━━ Supplied records ━━

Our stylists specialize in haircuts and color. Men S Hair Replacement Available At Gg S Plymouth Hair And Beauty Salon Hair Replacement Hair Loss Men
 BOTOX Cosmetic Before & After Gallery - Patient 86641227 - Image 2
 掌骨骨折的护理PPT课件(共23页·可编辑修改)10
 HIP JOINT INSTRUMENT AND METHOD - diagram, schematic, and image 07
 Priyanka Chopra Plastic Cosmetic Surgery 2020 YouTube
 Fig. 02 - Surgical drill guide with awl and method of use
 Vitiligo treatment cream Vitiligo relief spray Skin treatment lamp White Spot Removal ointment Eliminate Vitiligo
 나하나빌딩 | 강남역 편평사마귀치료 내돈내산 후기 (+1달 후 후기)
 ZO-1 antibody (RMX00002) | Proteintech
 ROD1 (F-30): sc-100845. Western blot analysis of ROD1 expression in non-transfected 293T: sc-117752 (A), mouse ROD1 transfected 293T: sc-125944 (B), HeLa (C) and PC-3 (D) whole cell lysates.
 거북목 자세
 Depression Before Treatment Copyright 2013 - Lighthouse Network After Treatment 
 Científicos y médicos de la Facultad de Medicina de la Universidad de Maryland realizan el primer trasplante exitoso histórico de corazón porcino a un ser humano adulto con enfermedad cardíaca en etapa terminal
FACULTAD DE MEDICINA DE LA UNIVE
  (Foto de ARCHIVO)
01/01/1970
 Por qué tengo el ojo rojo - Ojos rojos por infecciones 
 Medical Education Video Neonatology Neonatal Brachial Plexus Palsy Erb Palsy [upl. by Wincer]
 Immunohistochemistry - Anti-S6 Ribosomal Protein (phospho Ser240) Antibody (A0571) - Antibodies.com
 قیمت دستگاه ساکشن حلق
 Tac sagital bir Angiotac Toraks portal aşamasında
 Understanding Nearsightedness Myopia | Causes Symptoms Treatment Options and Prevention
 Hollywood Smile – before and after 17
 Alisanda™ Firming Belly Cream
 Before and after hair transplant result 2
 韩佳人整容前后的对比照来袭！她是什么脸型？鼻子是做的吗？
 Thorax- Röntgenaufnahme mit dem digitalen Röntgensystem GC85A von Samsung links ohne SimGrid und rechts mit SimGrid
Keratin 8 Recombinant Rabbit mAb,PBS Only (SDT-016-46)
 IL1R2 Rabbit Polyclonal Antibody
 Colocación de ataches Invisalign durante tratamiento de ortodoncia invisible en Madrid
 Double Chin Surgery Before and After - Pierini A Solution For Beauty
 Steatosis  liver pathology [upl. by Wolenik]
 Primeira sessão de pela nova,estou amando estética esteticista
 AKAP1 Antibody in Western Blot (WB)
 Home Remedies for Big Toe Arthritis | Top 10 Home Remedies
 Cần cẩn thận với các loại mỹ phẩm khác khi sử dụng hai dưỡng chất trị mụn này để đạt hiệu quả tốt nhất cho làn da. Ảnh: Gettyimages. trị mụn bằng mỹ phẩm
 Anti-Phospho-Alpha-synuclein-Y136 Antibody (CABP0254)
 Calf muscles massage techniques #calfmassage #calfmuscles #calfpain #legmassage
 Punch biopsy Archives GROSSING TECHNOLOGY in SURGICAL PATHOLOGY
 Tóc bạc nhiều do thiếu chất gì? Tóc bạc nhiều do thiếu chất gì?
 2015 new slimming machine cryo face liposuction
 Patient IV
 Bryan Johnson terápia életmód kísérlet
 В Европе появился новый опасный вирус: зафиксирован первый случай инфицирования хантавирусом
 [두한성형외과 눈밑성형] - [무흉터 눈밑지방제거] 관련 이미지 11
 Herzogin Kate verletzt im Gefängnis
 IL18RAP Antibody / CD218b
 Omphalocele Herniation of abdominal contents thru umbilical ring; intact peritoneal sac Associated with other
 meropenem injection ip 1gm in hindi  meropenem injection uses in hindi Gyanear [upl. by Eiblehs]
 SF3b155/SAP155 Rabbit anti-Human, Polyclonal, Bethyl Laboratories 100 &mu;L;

━━━

[Work to be completed]: When you reach the line with "قیمت دستگاه ساکشن حلق" in the records above, start writing out lines exactly, and stop once the line with "Bryan Johnson terápia életmód kísérlet" has been written; include nothing else.

[Response to the exercise]:
 قیمت دستگاه ساکشن حلق
 Tac sagital bir Angiotac Toraks portal aşamasında
 Understanding Nearsightedness Myopia | Causes Symptoms Treatment Options and Prevention
 Hollywood Smile – before and after 17
 Alisanda™ Firming Belly Cream
 Before and after hair transplant result 2
 韩佳人整容前后的对比照来袭！她是什么脸型？鼻子是做的吗？
 Thorax- Röntgenaufnahme mit dem digitalen Röntgensystem GC85A von Samsung links ohne SimGrid und rechts mit SimGrid
Keratin 8 Recombinant Rabbit mAb,PBS Only (SDT-016-46)
 IL1R2 Rabbit Polyclonal Antibody
 Colocación de ataches Invisalign durante tratamiento de ortodoncia invisible en Madrid
 Double Chin Surgery Before and After - Pierini A Solution For Beauty
 Steatosis  liver pathology [upl. by Wolenik]
 Primeira sessão de pela nova,estou amando estética esteticista
 AKAP1 Antibody in Western Blot (WB)
 Home Remedies for Big Toe Arthritis | Top 10 Home Remedies
 Cần cẩn thận với các loại mỹ phẩm khác khi sử dụng hai dưỡng chất trị mụn này để đạt hiệu quả tốt nhất cho làn da. Ảnh: Gettyimages. trị mụn bằng mỹ phẩm
 Anti-Phospho-Alpha-synuclein-Y136 Antibody (CABP0254)
 Calf muscles massage techniques #calfmassage #calfmuscles #calfpain #legmassage
 Punch biopsy Archives GROSSING TECHNOLOGY in SURGICAL PATHOLOGY
 Tóc bạc nhiều do thiếu chất gì? Tóc bạc nhiều do thiếu chất gì?
 2015 new slimming machine cryo face liposuction
 Patient IV
 Bryan Johnson terápia életmód kísérlet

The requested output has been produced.